- _Data shown_
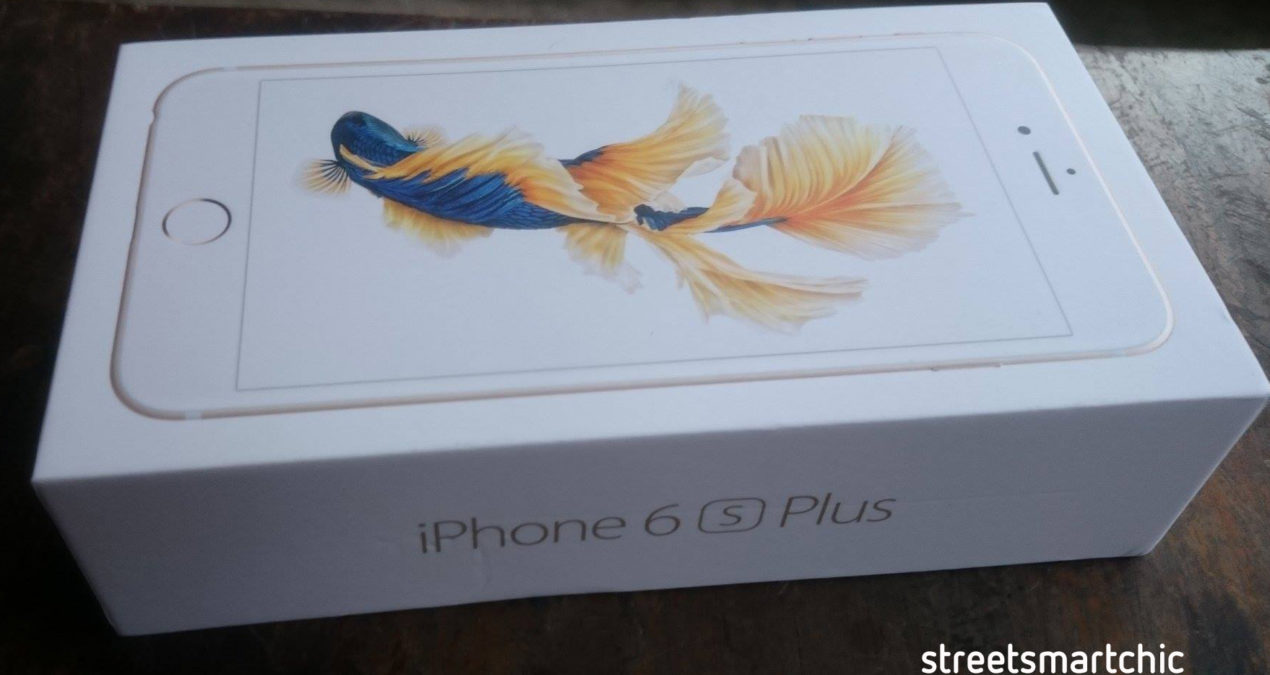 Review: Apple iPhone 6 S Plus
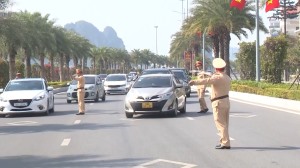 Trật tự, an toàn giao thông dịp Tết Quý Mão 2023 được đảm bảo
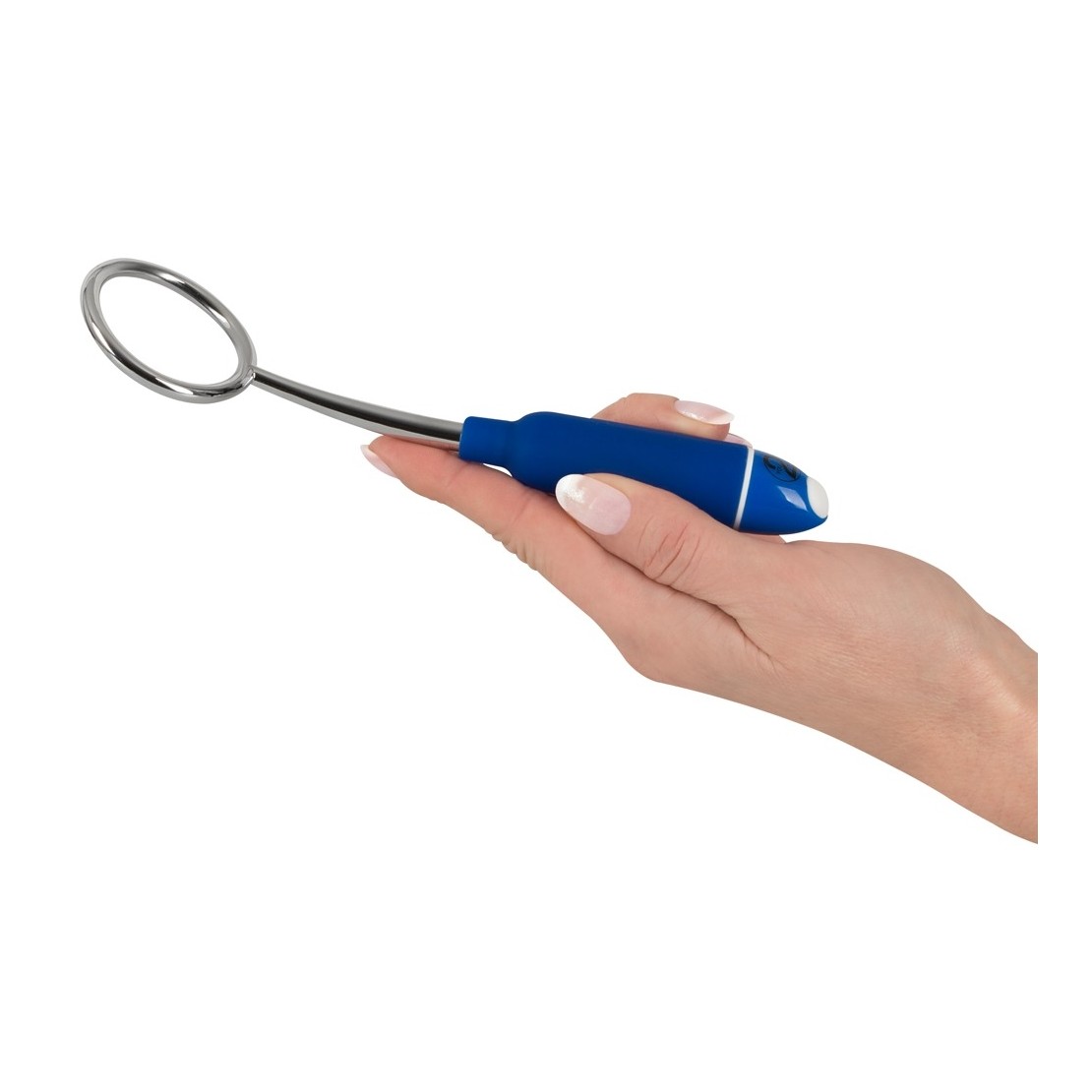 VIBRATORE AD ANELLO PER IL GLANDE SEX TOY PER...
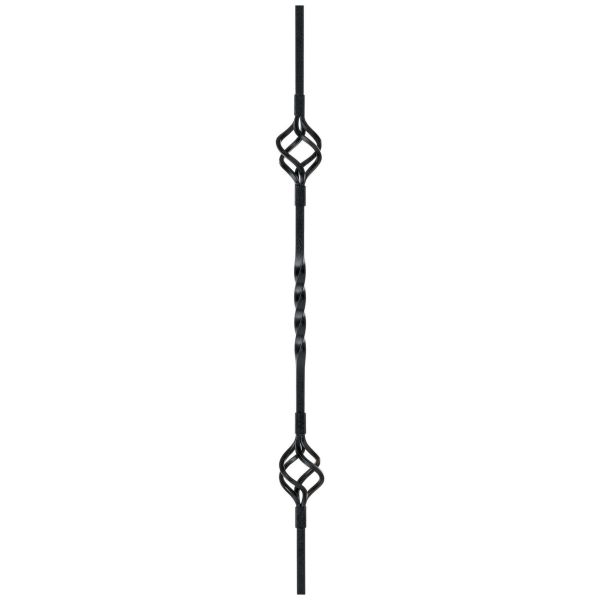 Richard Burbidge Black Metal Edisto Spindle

- _Problem statement_
Begin at the line that contains "Trật tự, an" and transcribe every line through the end of the listing, exactly as written. Omit the pictures.

- _Task answer_
 Trật tự, an toàn giao thông dịp Tết Quý Mão 2023 được đảm bảo
 VIBRATORE AD ANELLO PER IL GLANDE SEX TOY PER...
 Richard Burbidge Black Metal Edisto Spindle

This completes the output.